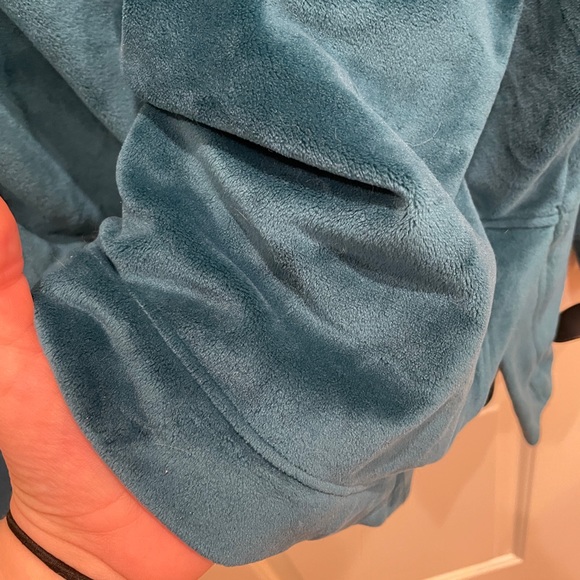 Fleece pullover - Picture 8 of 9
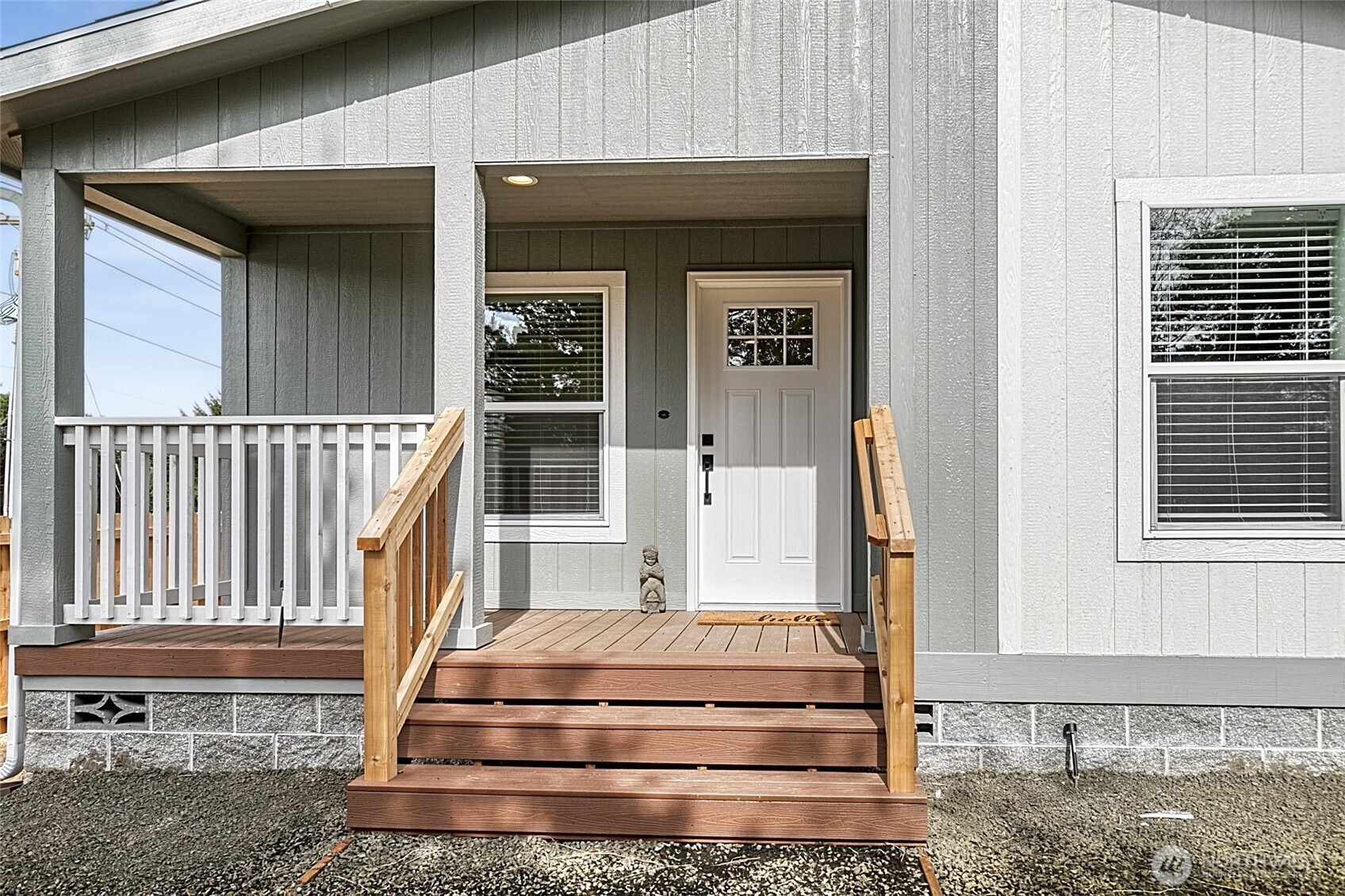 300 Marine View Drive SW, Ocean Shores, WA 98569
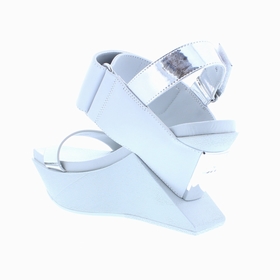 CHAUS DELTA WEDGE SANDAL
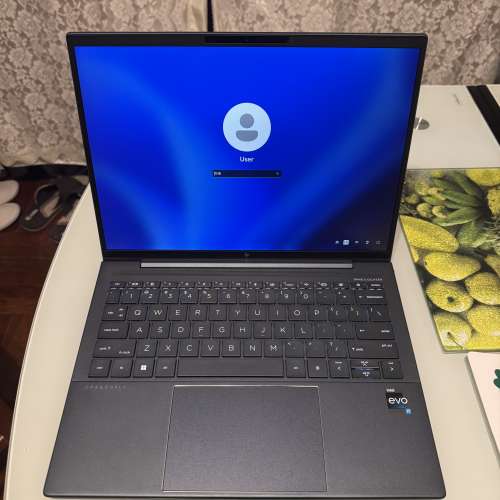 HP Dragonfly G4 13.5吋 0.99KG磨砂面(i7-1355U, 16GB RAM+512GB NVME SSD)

_Task statement_. Without the pictures, write out the whole listing above exactly as it appears.

_Written answer_.
 Fleece pullover - Picture 8 of 9
 300 Marine View Drive SW, Ocean Shores, WA 98569
 CHAUS DELTA WEDGE SANDAL
 HP Dragonfly G4 13.5吋 0.99KG磨砂面(i7-1355U, 16GB RAM+512GB NVME SSD)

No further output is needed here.